*Task to complete:* Go to the line below containing "Luxury 3BR Waterfront Penthouse" and print exactly from there through the line containing "2026 Kia Sportage LX - Photo 8", both included. Print nothing else.

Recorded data
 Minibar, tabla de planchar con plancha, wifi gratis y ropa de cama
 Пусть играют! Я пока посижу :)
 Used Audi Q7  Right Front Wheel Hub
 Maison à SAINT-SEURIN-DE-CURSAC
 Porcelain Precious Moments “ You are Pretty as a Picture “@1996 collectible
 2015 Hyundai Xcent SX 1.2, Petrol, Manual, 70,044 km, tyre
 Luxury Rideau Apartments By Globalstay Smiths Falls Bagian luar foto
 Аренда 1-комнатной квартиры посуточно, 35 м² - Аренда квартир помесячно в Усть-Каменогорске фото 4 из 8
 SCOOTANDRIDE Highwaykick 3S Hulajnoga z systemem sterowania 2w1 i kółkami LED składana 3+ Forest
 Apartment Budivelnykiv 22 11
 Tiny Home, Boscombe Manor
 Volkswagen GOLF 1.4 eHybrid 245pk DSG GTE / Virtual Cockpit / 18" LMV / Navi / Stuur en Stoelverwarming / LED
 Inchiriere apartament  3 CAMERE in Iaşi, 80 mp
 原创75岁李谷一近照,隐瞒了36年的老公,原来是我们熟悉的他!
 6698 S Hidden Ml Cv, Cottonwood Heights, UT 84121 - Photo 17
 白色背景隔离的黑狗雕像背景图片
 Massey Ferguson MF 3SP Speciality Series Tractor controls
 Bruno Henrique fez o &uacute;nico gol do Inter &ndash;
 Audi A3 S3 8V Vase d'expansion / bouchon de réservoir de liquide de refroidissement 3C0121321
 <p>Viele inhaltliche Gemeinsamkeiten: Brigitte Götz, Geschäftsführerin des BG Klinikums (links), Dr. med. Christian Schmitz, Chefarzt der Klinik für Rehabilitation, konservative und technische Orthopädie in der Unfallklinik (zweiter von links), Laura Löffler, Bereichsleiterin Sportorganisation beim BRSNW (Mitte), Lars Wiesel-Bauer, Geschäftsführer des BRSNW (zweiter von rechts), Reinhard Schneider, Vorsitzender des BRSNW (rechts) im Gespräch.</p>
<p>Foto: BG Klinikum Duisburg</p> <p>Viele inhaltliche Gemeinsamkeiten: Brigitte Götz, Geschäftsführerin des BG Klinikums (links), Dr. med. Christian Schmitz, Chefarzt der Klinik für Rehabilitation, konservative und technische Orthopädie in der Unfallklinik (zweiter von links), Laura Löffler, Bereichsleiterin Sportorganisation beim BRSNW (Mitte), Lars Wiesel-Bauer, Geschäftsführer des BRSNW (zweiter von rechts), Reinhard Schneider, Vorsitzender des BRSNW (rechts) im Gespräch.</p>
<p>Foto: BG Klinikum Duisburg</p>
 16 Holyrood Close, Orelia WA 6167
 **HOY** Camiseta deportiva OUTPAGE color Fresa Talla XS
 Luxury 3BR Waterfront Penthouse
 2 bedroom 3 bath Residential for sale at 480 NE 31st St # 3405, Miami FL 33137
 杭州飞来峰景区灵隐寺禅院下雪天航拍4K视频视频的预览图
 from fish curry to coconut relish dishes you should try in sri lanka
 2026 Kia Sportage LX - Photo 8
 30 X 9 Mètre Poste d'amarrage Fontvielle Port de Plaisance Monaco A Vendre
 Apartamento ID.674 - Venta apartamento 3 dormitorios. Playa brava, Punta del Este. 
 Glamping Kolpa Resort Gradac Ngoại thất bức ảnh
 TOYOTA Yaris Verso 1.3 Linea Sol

*Answer to this exercise:*
 Luxury 3BR Waterfront Penthouse
 2 bedroom 3 bath Residential for sale at 480 NE 31st St # 3405, Miami FL 33137
 杭州飞来峰景区灵隐寺禅院下雪天航拍4K视频视频的预览图
 from fish curry to coconut relish dishes you should try in sri lanka
 2026 Kia Sportage LX - Photo 8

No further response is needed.